::: AVAILABLE DATA
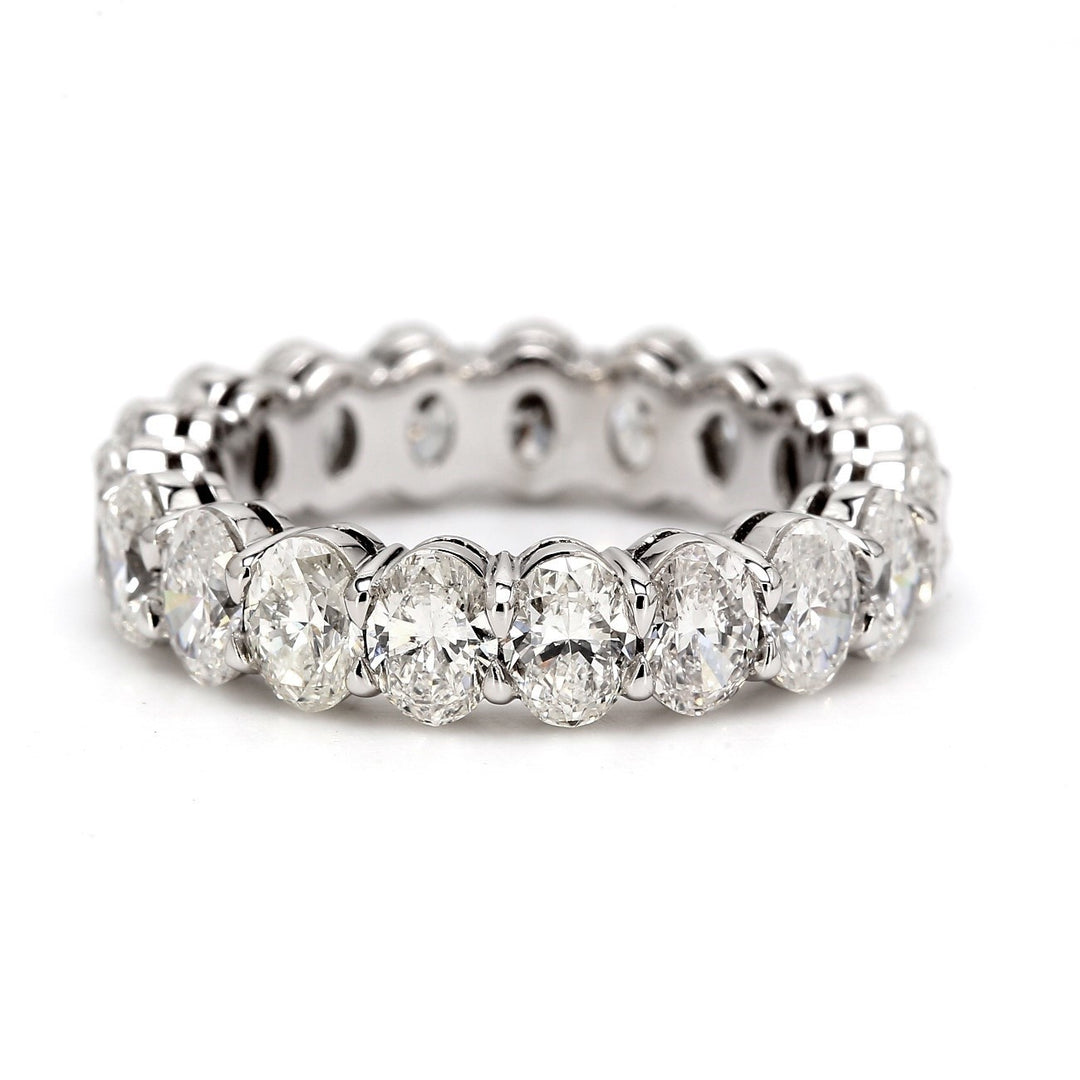 Eternity band in platinum with shared prong set (18) oval diamonds.  D4.30ct.t.w.  Size 5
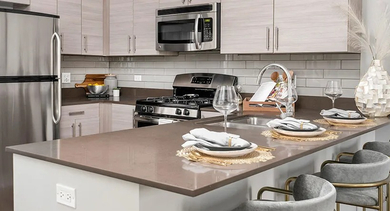 A sleek apartment kitchen equipped with stainless steel appliances, light wood cabinetry, and a spacious island with bar seating at The Madison at Racine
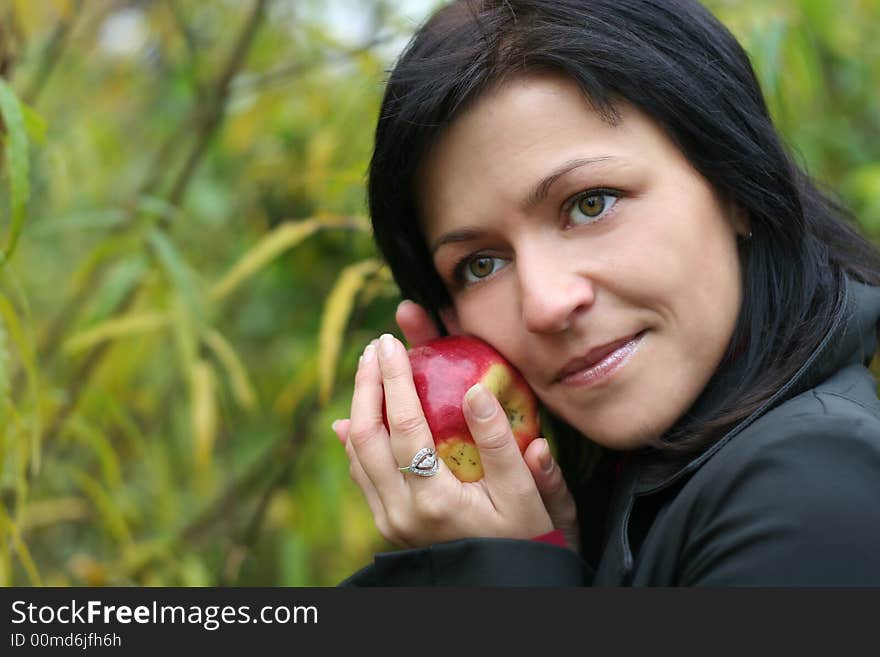 Woman and apple in autumn park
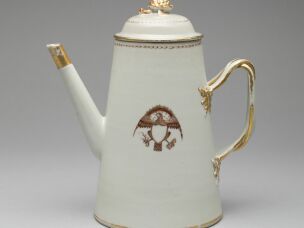 A coffeepot with cover, circa 1795. It has an American eagle motif, made in China for the American market. Coffee was part of a growing trend of globalization in the colonial era.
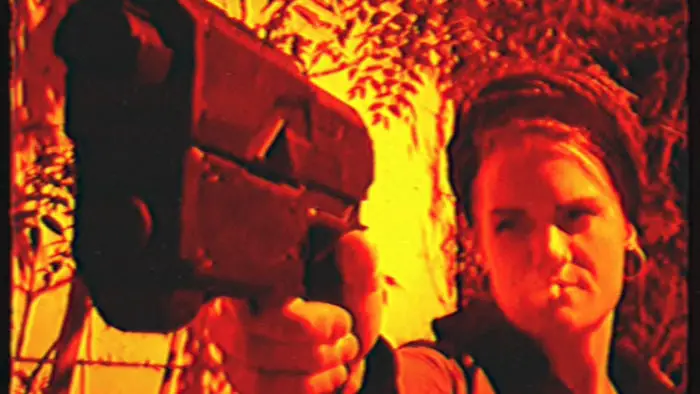 A survivor aims a handgun in the post-apocalyptic short film 2025: Steel City Warriors.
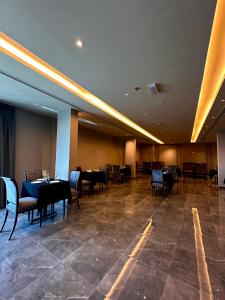 MIRADOR HOTEL في المنامة: غرفة طعام مع طاولات وكراسي في مبنى
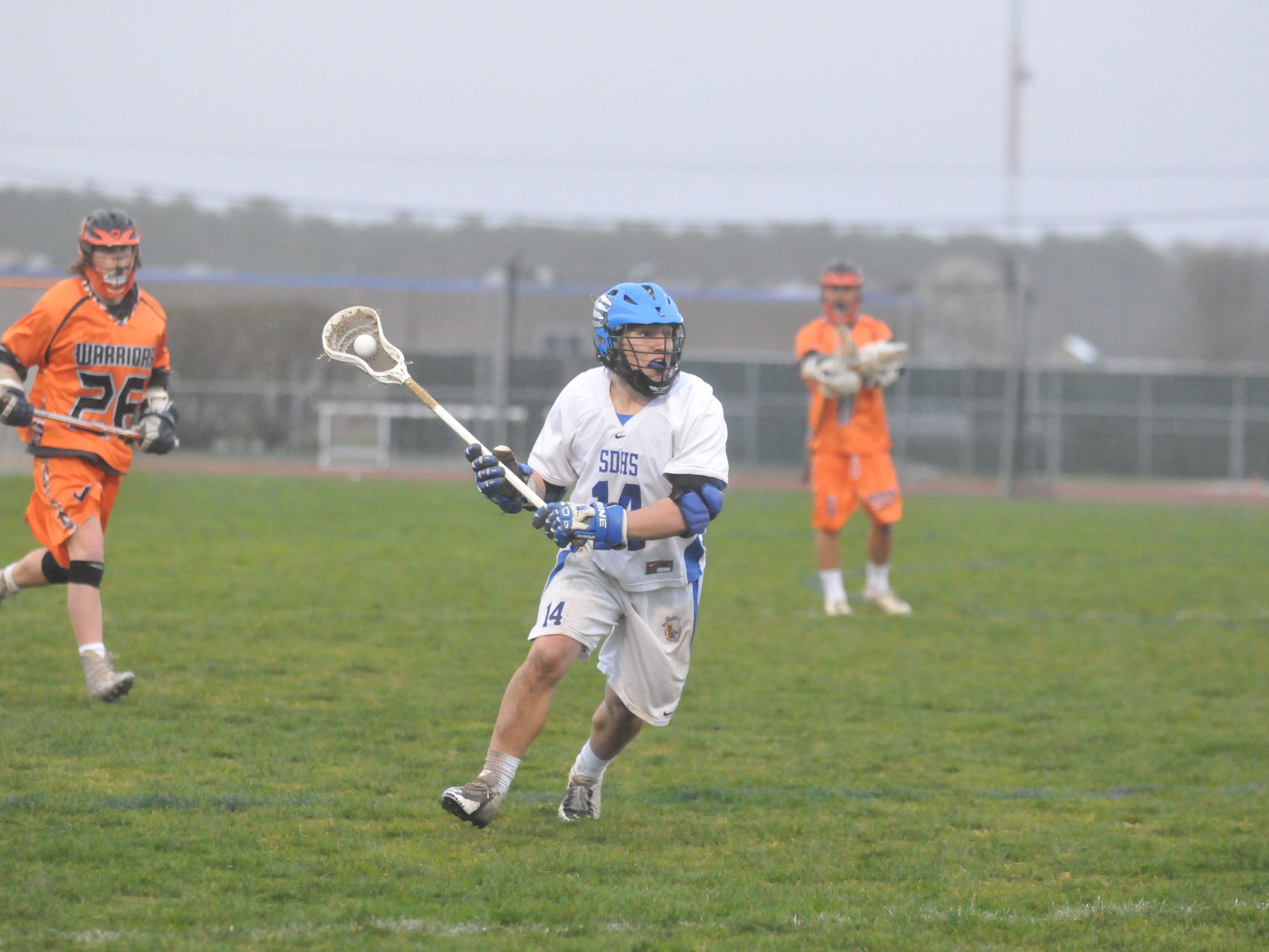 Stephen Decatur junior Dryden Brous looks for a pass during a game against Easton. The faceoff man has helped Decatur become a Bayside contender with the return of other players.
::::::
== EXERCISE GOAL ==
Retype the entire listing exactly as it appears, dropping only the pictures.

== SOLUTION TO THIS PROBLEM ==
 Eternity band in platinum with shared prong set (18) oval diamonds.  D4.30ct.t.w.  Size 5
 A sleek apartment kitchen equipped with stainless steel appliances, light wood cabinetry, and a spacious island with bar seating at The Madison at Racine
 Woman and apple in autumn park
 A coffeepot with cover, circa 1795. It has an American eagle motif, made in China for the American market. Coffee was part of a growing trend of globalization in the colonial era.
 A survivor aims a handgun in the post-apocalyptic short film 2025: Steel City Warriors.
 MIRADOR HOTEL في المنامة: غرفة طعام مع طاولات وكراسي في مبنى
 Stephen Decatur junior Dryden Brous looks for a pass during a game against Easton. The faceoff man has helped Decatur become a Bayside contender with the return of other players.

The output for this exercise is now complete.